What needs to be done
Starting at the line containing "1 Bedroom Flat" and ending at the line containing "Audi Q3 avec Entrée audio / iPod", transcribe the listing below exactly. Keep both end lines, skip the pictures, and copy nothing else.

Provided entries
Segment Open

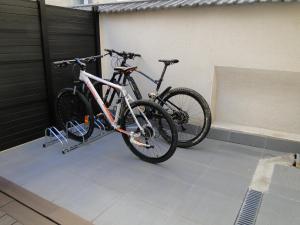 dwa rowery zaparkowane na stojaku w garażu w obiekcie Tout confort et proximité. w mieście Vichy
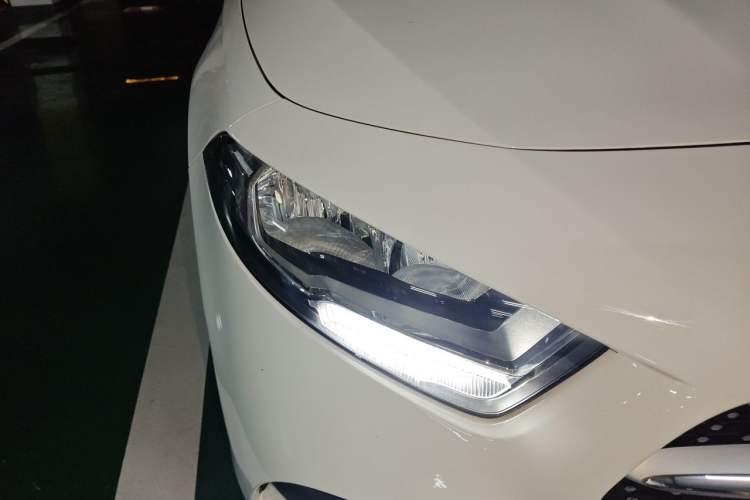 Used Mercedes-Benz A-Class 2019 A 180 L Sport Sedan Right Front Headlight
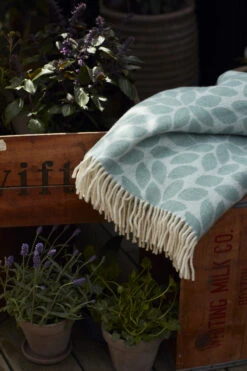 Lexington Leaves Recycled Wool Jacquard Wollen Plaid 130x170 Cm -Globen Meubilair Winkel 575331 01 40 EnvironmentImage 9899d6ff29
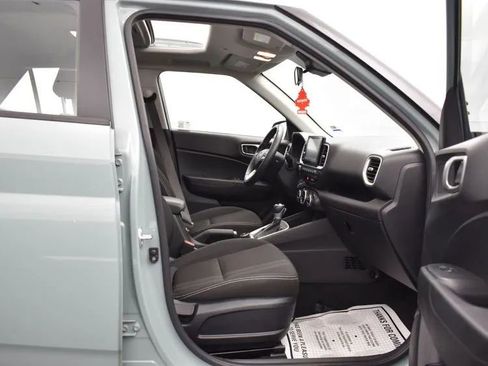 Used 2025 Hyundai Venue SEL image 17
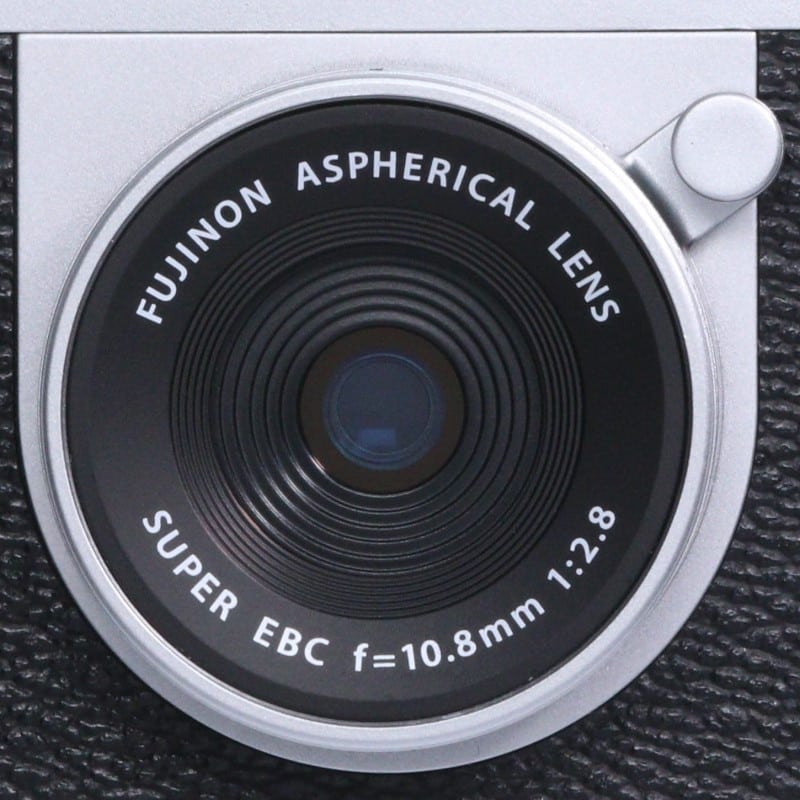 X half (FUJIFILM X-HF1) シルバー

Segment Closed
Segment Open

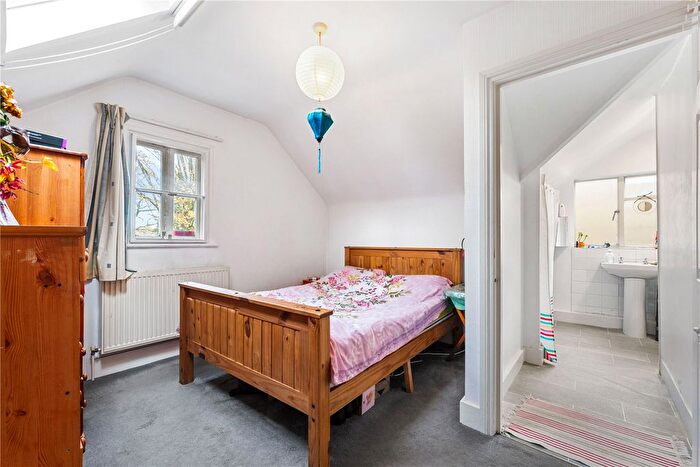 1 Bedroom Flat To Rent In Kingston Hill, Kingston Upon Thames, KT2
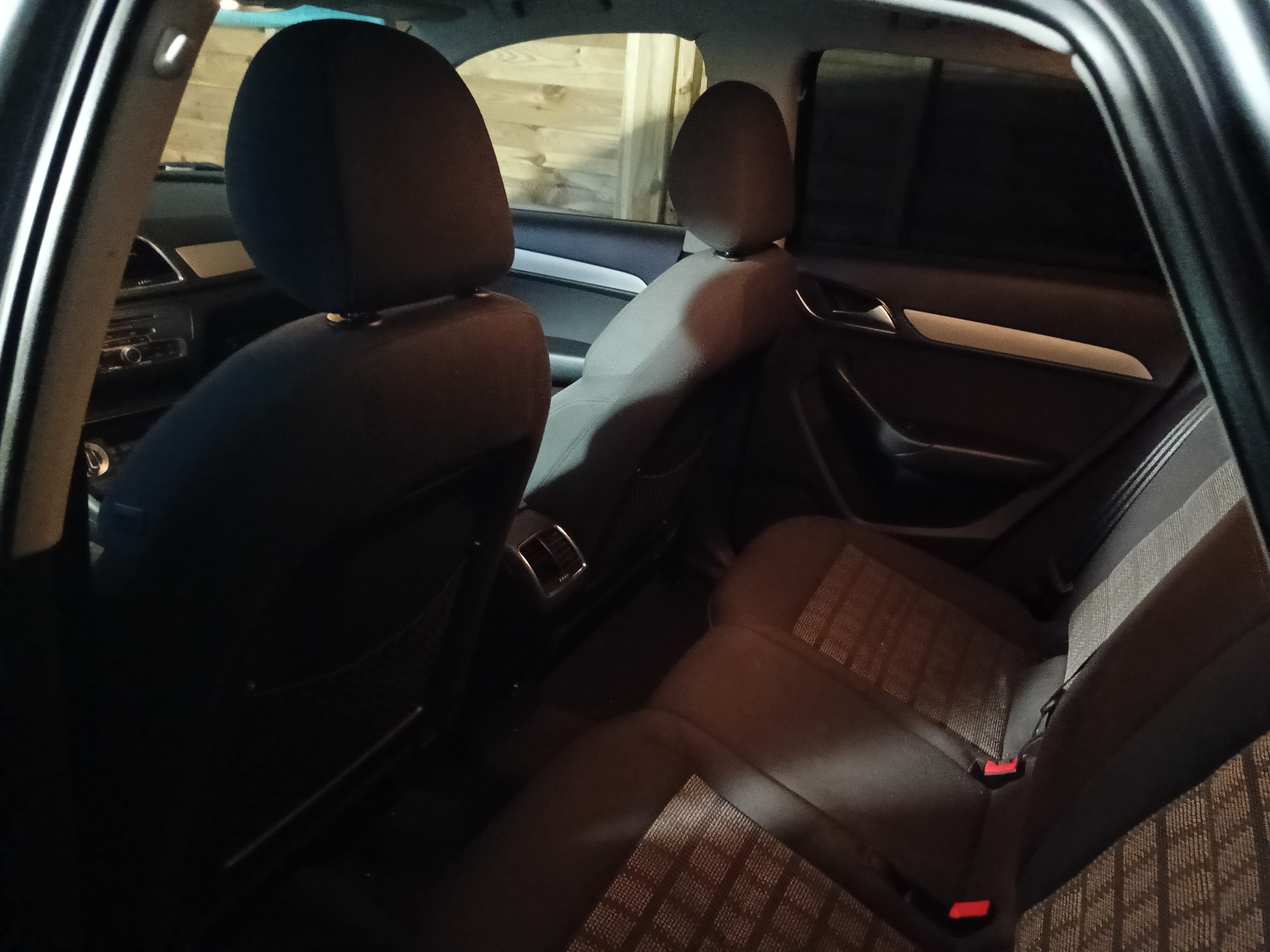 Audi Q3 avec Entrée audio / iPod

Segment Closed

Answer to the problem
 1 Bedroom Flat To Rent In Kingston Hill, Kingston Upon Thames, KT2
 Audi Q3 avec Entrée audio / iPod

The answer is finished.